1961 de birleşmiş milletler örgütü tarafından birinci kalkınma onyılı ilan edildi. on yılın
sonunda eski kanada başbakanı pearson başkanlığında hazırlanan rapor, kalkınma on
yılının umut verici sonuçlar doğurmadığını ortaya koyuyordu. aslında emperyalist sermaye
o kadarına bile razı değildi. kapitalizmin yeniden yapısal krize girip, güç dengesinin
sermaye lehine dönmesiyle, kalkınma kavramı da itibar kaybına uğrayıp silikleşti . 1950'li
ve 60'lı yıllarda emperyalist ülkeler üçüncü dünya'nın kendinden kopmasını engellemek
için ‘ödünler' veriyordu, ama kapitalizmin yapısal kriziyle birlikte güç dengesinin tekrar
ezilen halklar ve sömürülen sınıfların aleyhine dönüp savunmaya geçmeleriyle, artık ödün
verme dönemi de geri kalıyordu… abd'nin önünü çektiği kollektif emperyalizm yeniden
saldırıya geçti. borçlu üçüncü dünya'ya emperyalizmin [sermayenin] tek yanlı çıkarını
gözeten yapısal uyum proğramlarını dayatmalarıyla, artık kalkınmacılık retorik [söylem]
düzeyinde bile gündemden düşmüştü. yapısal uyum proğramlarıyla üçüncü dünyayı
kalkınmacılıktan uzaklaştırıp, yeniden kompradorlaştırma hedefi büyük ölçüde gerçekleşti.
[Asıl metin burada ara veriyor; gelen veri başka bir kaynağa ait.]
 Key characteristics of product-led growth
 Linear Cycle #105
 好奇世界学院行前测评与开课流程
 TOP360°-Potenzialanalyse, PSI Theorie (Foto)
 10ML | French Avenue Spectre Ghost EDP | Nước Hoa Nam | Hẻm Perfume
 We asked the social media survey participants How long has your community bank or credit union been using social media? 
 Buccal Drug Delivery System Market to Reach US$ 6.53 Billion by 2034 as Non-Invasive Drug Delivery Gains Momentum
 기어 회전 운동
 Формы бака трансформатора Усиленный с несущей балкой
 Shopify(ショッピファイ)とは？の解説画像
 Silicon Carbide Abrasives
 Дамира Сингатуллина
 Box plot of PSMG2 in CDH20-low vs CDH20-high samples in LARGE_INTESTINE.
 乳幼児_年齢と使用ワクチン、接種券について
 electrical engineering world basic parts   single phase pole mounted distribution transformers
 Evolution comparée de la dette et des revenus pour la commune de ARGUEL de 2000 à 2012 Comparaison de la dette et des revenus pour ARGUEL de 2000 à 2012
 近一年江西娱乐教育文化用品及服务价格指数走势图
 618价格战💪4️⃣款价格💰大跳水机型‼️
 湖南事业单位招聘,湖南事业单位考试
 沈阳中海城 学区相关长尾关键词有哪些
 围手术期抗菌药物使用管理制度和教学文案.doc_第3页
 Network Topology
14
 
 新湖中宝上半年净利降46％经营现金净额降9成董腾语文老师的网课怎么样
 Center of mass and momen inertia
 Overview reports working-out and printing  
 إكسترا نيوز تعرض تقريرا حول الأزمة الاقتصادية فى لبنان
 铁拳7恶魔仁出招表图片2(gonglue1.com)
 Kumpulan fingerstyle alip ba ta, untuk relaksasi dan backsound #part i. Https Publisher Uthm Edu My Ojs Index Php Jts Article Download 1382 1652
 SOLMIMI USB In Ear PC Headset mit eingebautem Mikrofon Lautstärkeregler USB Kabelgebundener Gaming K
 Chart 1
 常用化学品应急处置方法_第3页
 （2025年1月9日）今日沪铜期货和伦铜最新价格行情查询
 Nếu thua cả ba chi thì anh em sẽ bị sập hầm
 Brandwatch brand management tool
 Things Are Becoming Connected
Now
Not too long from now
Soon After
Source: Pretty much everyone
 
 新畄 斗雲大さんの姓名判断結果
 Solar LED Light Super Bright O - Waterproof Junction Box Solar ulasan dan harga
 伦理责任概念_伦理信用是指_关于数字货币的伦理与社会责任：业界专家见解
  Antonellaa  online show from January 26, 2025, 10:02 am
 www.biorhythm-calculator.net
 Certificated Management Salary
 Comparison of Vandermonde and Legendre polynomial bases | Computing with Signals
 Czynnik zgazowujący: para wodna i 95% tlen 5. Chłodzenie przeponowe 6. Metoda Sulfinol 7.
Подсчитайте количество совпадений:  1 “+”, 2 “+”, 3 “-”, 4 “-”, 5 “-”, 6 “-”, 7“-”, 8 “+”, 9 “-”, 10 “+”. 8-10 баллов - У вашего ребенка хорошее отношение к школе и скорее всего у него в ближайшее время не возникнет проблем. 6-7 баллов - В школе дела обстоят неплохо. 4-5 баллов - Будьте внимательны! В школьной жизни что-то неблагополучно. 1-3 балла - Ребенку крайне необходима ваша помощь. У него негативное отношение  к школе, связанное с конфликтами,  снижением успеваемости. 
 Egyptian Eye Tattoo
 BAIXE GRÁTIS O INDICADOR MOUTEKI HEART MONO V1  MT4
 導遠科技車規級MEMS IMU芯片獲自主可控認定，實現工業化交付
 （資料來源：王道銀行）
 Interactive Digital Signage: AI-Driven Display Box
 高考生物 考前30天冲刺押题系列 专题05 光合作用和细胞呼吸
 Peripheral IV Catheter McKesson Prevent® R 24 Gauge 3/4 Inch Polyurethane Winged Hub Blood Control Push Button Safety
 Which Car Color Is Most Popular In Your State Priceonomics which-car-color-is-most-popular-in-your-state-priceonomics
kompradorlaşma kavramını, biçimsel bir siyasal bağımsığın varlığına rağmen, emperyalist
merkezler tarafından yönetilen, biçimlendirilen, biçimsizleştiren, deregülasyon sonucu
iğdişleşmiş devlet aygıtına sahip sosyal formasyonları, oradalarda geçerli rejimler için
kullanıyorum. söz konusu ülkelerin ekonomik ve sosyal politikaları emperyallist odakların
hizmetindeki kurumlar [imf, dünya bankası, dtö (dünya ticaret örgütü), vb.] tarafından
belirleniyor. dolayısıyla, daha önce başka yerde yazdığım gibi, üçüncü dünya'nın ayrıcalıklı
elitlerinin sınıfsal çıkarı, onları kompradorlaşma yönünde tercihe zorluyor. bu yüzden
“kendi” halklarından çok, emperyalizme daha yakın olduklarını söylemek gerekir… buna
rağmen ulusalcı söylemi dillerinden düşürmüyorlar… öyleyse, ulusal ve ulusalcılık gibi
kavramların teşhir edilmesi gerekecek.